Весенний детектив 2010 (сборник), стр. 49

– Будете чай? Чай с кексами? Я сама пекла.

Он уселся на диване в комнатке размером с его кладовку, где он хранил снаряжение для гольфа.

– Не буду я никакого чая, Лида. Сядь сюда, рядом. – И он требовательно шлепнул ладонью по дивану рядом с собой.

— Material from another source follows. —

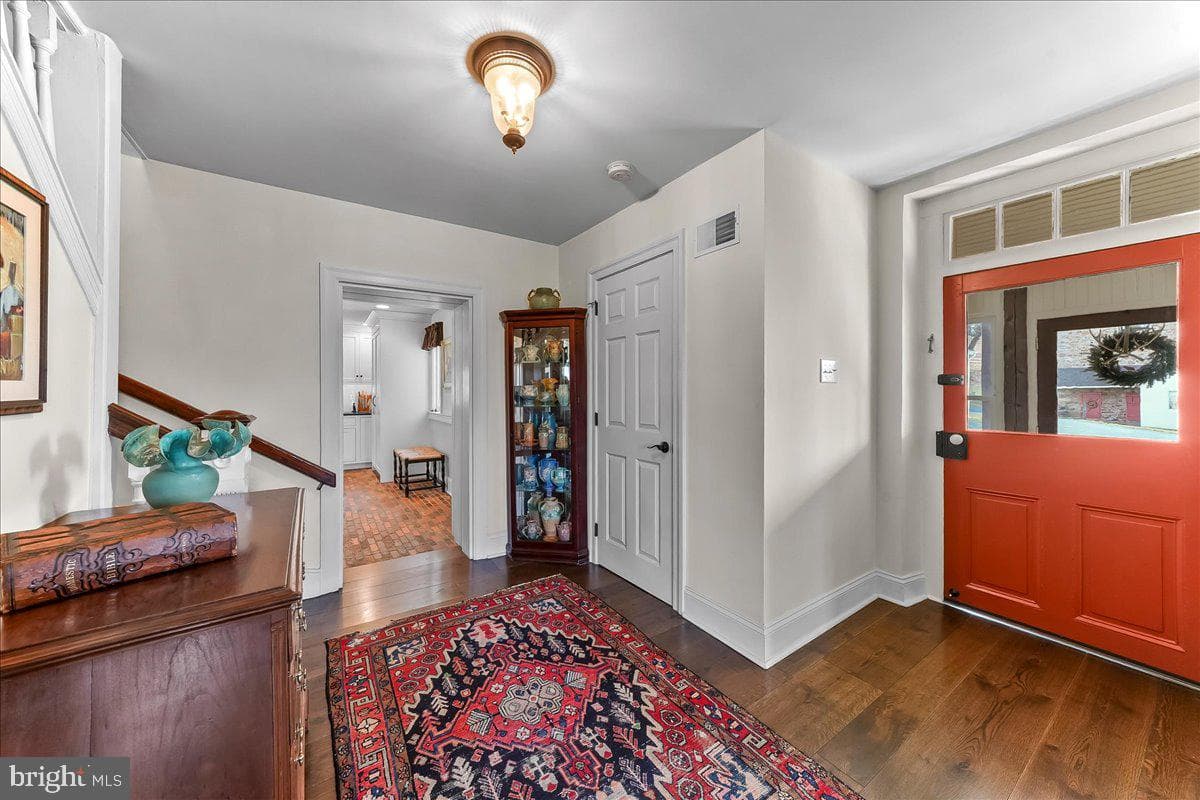2563 Veronica Drive photo 17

Они были одни в квартире. Это обрадовало. Он мог говорить ей что-то. Что-то слышать в ответ, и никто, никто не мог им помешать. Никто, кроме них самих. А в этом-то как раз и была проблема.

Он не знал, с чего начать!!! И долго нес что-то несуразное про погоду, про вечеринку в офисе, про увольнение Ануфриева и Морозовой.

– Почему ты ничего мне не сказала? – наконец подошел к главному Игорь.

– Про кошелек? – Ее несчастные глаза снова наполнились слезами.

– К черту кошелек! Я уже во всем разобрался и кого надо уволил. Мне ты почему ничего не сказала?!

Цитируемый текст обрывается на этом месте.